[Entries taken from a collection]
◇ ◇ ◇ ◇ ◇
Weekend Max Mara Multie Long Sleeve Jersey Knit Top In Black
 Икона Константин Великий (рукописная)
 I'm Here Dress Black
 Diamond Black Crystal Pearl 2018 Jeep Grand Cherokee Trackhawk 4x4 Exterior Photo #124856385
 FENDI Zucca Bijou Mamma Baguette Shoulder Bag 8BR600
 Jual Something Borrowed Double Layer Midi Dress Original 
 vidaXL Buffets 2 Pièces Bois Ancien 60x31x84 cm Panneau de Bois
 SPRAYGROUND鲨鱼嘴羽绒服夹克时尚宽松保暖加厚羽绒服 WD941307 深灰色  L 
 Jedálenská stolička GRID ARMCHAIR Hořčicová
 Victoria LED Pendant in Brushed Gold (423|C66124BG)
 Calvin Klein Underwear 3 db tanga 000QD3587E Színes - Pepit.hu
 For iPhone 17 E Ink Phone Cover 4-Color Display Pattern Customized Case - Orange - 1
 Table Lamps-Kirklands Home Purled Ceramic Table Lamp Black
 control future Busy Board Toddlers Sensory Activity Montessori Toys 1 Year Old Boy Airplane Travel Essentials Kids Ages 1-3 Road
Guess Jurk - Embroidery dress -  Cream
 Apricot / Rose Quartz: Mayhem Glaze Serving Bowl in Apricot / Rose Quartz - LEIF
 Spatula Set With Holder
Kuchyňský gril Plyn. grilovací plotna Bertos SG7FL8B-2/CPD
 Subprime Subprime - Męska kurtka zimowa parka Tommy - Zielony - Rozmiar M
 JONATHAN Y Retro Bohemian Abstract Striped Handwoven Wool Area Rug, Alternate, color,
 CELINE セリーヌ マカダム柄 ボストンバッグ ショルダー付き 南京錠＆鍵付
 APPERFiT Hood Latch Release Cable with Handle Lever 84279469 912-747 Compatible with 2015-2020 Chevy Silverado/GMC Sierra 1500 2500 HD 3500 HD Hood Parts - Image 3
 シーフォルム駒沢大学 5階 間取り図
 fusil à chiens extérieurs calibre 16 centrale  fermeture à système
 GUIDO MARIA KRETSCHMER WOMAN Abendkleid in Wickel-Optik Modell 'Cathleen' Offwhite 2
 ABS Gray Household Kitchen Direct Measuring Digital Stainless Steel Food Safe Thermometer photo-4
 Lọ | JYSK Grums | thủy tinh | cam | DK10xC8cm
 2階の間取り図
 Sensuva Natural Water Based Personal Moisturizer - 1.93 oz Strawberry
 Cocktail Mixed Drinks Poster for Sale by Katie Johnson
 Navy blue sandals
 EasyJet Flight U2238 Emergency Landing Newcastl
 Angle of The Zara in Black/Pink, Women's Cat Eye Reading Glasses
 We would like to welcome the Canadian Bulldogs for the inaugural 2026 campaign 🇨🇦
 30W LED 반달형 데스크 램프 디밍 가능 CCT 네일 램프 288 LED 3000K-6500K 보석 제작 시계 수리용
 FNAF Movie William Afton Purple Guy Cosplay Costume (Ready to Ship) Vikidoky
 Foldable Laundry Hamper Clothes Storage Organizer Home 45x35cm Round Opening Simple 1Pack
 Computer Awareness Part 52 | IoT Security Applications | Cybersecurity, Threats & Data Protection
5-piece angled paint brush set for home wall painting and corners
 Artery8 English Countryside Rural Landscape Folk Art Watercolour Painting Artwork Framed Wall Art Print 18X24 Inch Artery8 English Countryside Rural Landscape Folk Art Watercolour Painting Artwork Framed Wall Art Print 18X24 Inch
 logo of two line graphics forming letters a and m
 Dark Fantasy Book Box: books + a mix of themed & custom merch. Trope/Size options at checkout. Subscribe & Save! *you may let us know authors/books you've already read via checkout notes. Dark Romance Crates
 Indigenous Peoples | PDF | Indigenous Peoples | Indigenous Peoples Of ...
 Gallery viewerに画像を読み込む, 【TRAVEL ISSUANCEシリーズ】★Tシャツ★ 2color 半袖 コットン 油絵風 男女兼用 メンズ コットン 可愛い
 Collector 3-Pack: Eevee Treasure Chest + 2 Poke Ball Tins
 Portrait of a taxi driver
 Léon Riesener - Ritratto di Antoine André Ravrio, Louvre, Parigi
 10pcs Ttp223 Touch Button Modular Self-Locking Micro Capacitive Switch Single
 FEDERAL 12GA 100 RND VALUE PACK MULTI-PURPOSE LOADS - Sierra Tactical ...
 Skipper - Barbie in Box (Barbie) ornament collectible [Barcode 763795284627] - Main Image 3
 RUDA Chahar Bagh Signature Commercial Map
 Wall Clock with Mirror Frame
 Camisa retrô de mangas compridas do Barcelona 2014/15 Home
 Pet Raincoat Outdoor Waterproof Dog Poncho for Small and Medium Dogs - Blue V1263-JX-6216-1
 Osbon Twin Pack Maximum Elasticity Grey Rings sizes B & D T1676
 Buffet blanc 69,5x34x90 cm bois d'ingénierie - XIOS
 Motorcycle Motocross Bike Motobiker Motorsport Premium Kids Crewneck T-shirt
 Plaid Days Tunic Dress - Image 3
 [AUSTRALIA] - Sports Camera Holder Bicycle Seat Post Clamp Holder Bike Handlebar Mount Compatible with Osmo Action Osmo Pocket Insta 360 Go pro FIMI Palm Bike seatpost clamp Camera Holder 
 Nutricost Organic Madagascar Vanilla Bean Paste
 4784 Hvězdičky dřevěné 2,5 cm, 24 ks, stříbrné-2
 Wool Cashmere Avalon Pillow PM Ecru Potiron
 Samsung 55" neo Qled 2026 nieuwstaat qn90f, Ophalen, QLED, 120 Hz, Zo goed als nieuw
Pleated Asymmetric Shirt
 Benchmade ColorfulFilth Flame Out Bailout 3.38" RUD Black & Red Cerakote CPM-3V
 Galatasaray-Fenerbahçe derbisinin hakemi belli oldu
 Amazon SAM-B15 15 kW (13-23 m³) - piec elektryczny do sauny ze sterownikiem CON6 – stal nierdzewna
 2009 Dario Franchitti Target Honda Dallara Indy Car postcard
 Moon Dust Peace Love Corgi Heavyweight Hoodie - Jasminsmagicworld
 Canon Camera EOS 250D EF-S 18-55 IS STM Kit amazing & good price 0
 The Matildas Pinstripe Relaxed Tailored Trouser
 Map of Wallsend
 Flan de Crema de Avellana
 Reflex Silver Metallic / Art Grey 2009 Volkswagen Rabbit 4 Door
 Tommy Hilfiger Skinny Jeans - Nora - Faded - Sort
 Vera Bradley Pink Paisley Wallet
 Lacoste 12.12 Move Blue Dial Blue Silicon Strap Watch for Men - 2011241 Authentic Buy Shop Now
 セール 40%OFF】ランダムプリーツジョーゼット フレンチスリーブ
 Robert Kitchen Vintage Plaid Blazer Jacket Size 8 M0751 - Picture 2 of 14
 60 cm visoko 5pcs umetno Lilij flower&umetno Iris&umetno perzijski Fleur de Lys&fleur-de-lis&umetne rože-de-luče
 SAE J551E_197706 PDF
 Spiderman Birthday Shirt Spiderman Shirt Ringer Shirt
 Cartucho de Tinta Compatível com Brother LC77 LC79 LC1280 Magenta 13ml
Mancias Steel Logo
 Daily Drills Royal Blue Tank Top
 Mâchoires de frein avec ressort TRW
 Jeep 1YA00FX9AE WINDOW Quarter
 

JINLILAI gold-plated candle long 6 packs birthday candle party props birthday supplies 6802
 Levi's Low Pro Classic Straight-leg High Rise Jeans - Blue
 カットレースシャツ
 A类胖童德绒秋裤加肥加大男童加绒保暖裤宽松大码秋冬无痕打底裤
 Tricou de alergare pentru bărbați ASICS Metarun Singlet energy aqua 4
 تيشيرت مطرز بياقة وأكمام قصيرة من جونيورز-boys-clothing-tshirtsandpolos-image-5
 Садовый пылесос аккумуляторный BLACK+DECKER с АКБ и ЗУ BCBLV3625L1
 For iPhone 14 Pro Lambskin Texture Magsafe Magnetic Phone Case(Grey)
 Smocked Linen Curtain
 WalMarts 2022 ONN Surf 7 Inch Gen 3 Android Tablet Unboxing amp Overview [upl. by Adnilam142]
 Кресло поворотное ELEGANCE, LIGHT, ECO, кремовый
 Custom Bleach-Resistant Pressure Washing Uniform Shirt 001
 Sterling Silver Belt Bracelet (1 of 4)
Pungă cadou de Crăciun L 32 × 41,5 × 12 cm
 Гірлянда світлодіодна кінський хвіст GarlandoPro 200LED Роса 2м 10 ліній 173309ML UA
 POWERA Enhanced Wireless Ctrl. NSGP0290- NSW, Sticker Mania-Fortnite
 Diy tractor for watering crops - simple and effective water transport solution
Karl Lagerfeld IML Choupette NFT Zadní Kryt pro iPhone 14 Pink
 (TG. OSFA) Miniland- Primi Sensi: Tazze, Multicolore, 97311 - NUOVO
◇ ◇ ◇ ◇ ◇
§ WORK ITEM: Taking the line with "Mâchoires de frein avec ressort TRW" as the first and the line with "Diy tractor for" as the last, retype that stretch of the data above exactly, with no other lines.

§ EXERCISE RESULT:
 Mâchoires de frein avec ressort TRW
 Jeep 1YA00FX9AE WINDOW Quarter
 

JINLILAI gold-plated candle long 6 packs birthday candle party props birthday supplies 6802
 Levi's Low Pro Classic Straight-leg High Rise Jeans - Blue
 カットレースシャツ
 A类胖童德绒秋裤加肥加大男童加绒保暖裤宽松大码秋冬无痕打底裤
 Tricou de alergare pentru bărbați ASICS Metarun Singlet energy aqua 4
 تيشيرت مطرز بياقة وأكمام قصيرة من جونيورز-boys-clothing-tshirtsandpolos-image-5
 Садовый пылесос аккумуляторный BLACK+DECKER с АКБ и ЗУ BCBLV3625L1
 For iPhone 14 Pro Lambskin Texture Magsafe Magnetic Phone Case(Grey)
 Smocked Linen Curtain
 WalMarts 2022 ONN Surf 7 Inch Gen 3 Android Tablet Unboxing amp Overview [upl. by Adnilam142]
 Кресло поворотное ELEGANCE, LIGHT, ECO, кремовый
 Custom Bleach-Resistant Pressure Washing Uniform Shirt 001
 Sterling Silver Belt Bracelet (1 of 4)
Pungă cadou de Crăciun L 32 × 41,5 × 12 cm
 Гірлянда світлодіодна кінський хвіст GarlandoPro 200LED Роса 2м 10 ліній 173309ML UA
 POWERA Enhanced Wireless Ctrl. NSGP0290- NSW, Sticker Mania-Fortnite
 Diy tractor for watering crops - simple and effective water transport solution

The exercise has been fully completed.